Oral History | Fortunoff Collection ID: HVT-1414

Videotape testimony of Alice G., who was born in Prešov, Czechoslovakia, in 1924. Mrs. G. describes her youthful patriotism; her happy childhood; resistance of her teachers and parents to her desire for education; her frustrated and insecure mother; being her father's favorite child and his contribution to her "loving and non-ambivalent" religious outlook; and falling in love while in summer camp in 1938. She recalls her mother's decision, following Munich, to emigrate to the United States; antisemitic acts of the Slovaks; the family's purchase of U.S. visas; their train journey via Berlin to Hamburg during Kristallnacht; and arrival in the United States.
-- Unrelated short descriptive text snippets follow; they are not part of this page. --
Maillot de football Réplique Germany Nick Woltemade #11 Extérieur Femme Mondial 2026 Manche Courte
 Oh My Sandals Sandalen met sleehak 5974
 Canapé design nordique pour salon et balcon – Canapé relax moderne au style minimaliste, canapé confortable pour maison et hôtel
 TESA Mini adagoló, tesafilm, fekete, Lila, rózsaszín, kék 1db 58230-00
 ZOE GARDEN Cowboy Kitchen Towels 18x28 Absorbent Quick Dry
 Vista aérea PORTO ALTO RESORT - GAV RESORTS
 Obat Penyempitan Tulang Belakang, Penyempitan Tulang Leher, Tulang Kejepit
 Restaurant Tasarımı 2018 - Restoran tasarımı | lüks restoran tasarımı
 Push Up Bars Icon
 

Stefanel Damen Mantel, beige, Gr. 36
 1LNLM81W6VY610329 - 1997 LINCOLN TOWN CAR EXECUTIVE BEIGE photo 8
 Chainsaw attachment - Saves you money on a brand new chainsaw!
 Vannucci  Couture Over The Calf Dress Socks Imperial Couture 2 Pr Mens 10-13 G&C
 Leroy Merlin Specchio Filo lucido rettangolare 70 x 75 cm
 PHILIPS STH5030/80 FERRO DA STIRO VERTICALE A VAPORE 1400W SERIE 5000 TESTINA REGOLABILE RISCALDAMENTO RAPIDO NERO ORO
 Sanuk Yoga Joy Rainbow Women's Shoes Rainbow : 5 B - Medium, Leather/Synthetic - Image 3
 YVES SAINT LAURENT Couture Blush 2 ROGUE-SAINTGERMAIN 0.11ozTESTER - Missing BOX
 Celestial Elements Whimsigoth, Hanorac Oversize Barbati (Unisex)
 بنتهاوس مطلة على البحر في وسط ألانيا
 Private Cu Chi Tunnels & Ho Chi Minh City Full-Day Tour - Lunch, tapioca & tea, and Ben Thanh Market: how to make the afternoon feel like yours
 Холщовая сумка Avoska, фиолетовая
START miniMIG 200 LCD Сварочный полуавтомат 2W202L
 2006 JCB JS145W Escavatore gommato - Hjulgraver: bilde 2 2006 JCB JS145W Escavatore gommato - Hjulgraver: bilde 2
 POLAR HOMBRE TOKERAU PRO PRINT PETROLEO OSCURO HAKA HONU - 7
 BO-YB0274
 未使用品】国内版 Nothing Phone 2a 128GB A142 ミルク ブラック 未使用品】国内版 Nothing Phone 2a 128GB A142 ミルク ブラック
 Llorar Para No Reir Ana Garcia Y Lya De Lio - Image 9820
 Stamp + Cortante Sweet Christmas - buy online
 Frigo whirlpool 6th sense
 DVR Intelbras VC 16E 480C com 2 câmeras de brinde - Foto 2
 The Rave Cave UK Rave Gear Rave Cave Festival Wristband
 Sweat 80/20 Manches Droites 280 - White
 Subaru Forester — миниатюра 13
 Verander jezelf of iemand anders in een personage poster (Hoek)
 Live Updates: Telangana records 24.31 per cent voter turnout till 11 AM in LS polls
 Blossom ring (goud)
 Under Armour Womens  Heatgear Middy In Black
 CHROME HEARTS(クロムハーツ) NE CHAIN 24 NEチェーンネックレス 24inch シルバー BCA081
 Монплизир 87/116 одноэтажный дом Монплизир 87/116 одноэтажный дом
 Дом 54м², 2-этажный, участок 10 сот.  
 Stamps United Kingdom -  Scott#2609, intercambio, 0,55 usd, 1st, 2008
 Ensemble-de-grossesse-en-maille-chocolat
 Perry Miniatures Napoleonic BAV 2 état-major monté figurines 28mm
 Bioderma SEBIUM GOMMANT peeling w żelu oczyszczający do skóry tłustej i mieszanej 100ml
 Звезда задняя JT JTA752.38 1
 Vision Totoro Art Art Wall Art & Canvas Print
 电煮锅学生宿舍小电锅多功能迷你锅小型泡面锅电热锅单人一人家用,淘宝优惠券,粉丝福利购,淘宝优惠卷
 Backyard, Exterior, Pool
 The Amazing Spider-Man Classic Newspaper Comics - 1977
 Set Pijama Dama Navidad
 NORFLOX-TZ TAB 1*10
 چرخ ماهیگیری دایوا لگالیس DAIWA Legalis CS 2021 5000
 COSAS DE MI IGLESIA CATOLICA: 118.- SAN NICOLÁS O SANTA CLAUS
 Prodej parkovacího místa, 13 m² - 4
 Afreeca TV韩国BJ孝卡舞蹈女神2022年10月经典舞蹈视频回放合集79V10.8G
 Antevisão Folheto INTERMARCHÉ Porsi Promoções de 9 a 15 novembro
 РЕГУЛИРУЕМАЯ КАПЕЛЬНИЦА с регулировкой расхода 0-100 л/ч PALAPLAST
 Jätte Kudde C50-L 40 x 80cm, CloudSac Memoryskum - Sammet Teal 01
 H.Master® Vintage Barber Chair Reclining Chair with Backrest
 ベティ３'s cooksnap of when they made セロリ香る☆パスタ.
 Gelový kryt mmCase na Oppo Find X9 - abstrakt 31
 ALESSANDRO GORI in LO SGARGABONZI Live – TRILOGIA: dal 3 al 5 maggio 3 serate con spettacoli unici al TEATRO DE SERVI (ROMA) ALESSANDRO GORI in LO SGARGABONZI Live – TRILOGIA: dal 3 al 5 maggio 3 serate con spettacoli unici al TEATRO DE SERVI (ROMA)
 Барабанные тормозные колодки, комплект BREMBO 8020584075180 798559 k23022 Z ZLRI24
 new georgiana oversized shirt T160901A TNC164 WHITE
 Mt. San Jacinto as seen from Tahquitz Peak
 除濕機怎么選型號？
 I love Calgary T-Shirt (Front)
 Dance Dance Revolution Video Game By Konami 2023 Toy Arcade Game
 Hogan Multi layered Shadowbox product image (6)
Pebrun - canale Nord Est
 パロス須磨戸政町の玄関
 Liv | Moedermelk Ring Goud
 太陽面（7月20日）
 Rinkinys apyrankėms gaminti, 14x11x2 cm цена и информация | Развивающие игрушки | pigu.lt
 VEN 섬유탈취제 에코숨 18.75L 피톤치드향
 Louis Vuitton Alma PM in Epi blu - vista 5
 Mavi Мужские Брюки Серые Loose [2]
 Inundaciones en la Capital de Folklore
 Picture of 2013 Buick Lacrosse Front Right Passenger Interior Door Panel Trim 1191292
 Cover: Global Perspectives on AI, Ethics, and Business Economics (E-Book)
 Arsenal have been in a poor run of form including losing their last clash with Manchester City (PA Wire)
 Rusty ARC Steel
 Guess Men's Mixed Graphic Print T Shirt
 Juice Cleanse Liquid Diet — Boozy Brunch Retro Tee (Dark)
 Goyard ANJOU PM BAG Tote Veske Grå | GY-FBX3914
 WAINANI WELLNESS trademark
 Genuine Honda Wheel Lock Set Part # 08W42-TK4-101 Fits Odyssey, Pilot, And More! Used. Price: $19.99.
Mrs. G.'s account is particularly rich in discussion of her prewar life; adjustment difficulties in America; her years of guilt and depression over the loss of loved ones in Czechoslovakia; attempts to reestablish ties with surviving childhood friends in Israel; and her three trips to Prešov, where it rains during each visit because she hasn't "enough tears to mourn."

Author/Creator
G., Alice, 1924-
Published
New Haven, Conn. : Fortunoff Video Archive for Holocaust Testimonies, 1990
Interview Date
December 19, 1990.
Locale
Czechoslovakia
Prešov (Slovakia)
Berlin (Germany)
Hamburg (Germany)
Language
English
Copies
3 copies: 3/4 in. master; 3/4 in. dub; and 1/2 in. VHS with time coding.
Cite As
Alice G. Holocaust Testimony (HVT-1414). Fortunoff Video Archive for Holocaust Testimonies, Yale University Library.